§ **Data excerpt**
------------------------------------------------------------------------

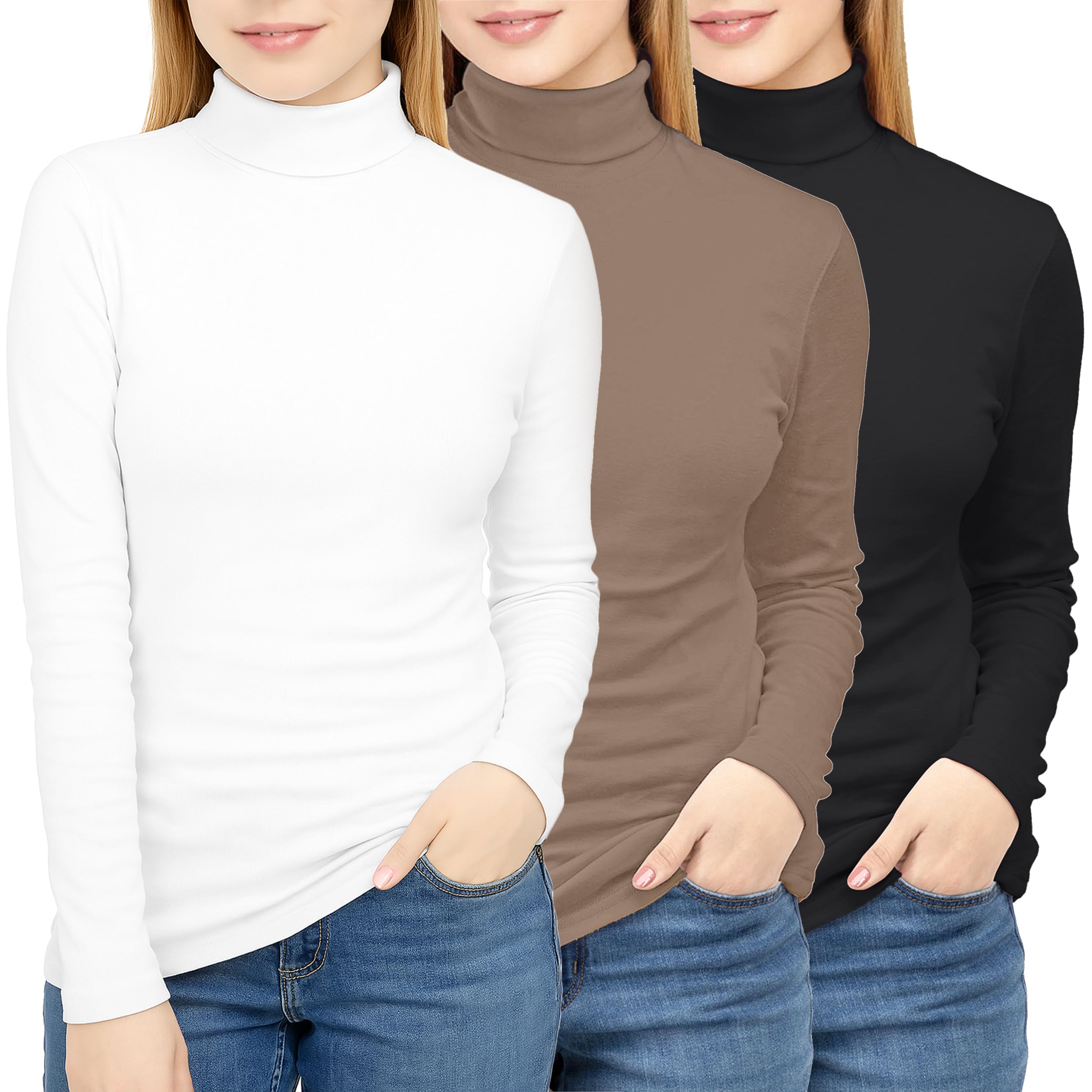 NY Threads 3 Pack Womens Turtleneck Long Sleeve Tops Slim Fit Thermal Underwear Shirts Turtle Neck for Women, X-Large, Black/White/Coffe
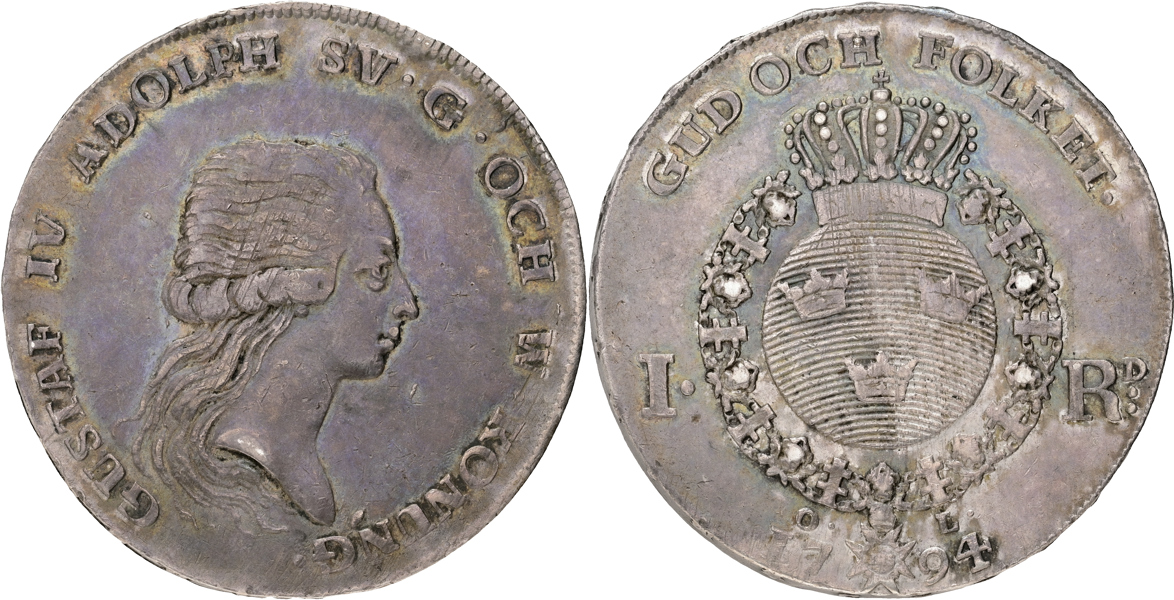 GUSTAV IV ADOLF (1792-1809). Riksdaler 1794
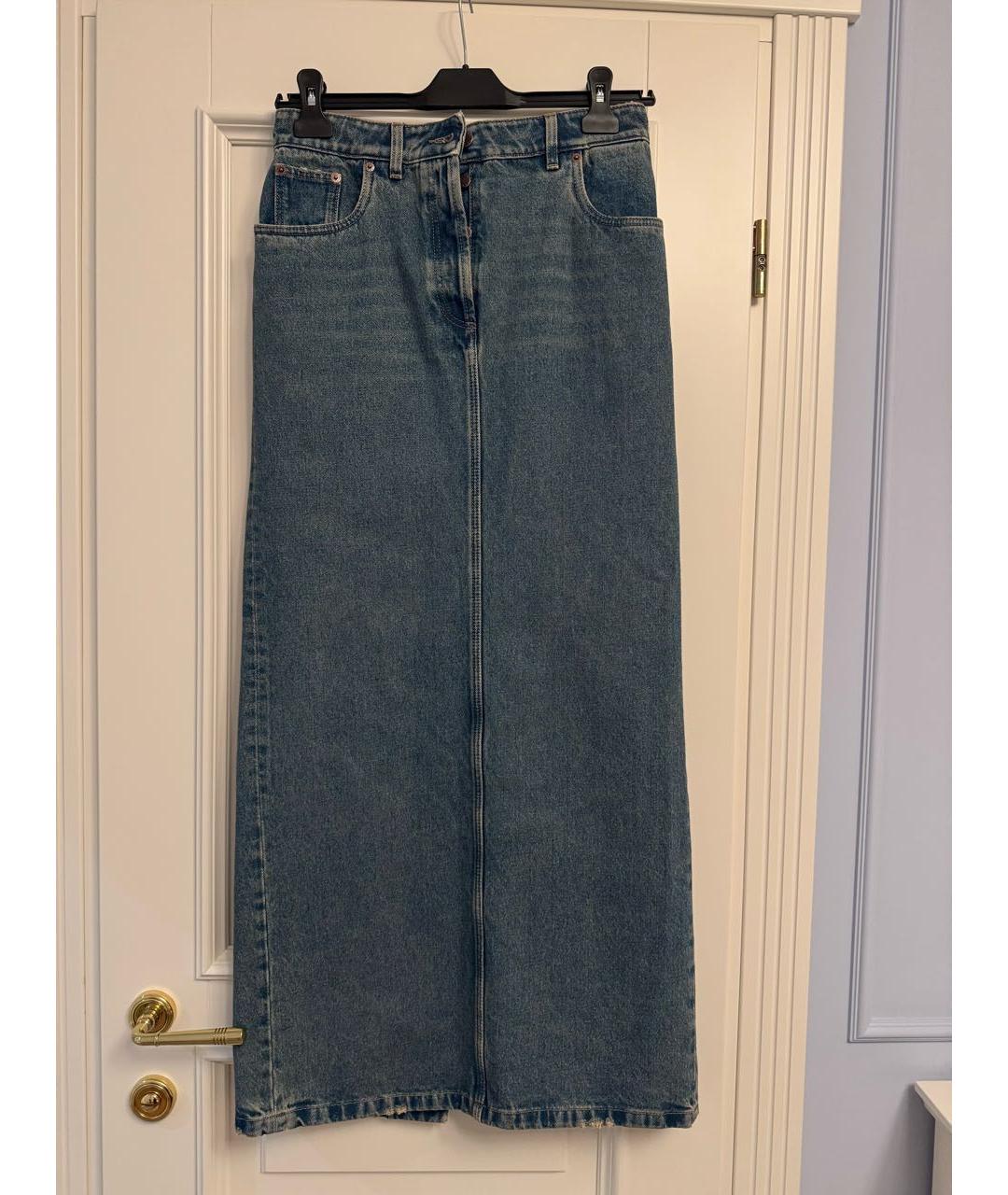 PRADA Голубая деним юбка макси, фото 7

------------------------------------------------------------------------

§ **Work order**
Return the listing above in full and without alteration, excluding its pictures.

§ **Result for this task**
 NY Threads 3 Pack Womens Turtleneck Long Sleeve Tops Slim Fit Thermal Underwear Shirts Turtle Neck for Women, X-Large, Black/White/Coffe
 GUSTAV IV ADOLF (1792-1809). Riksdaler 1794
 PRADA Голубая деним юбка макси, фото 7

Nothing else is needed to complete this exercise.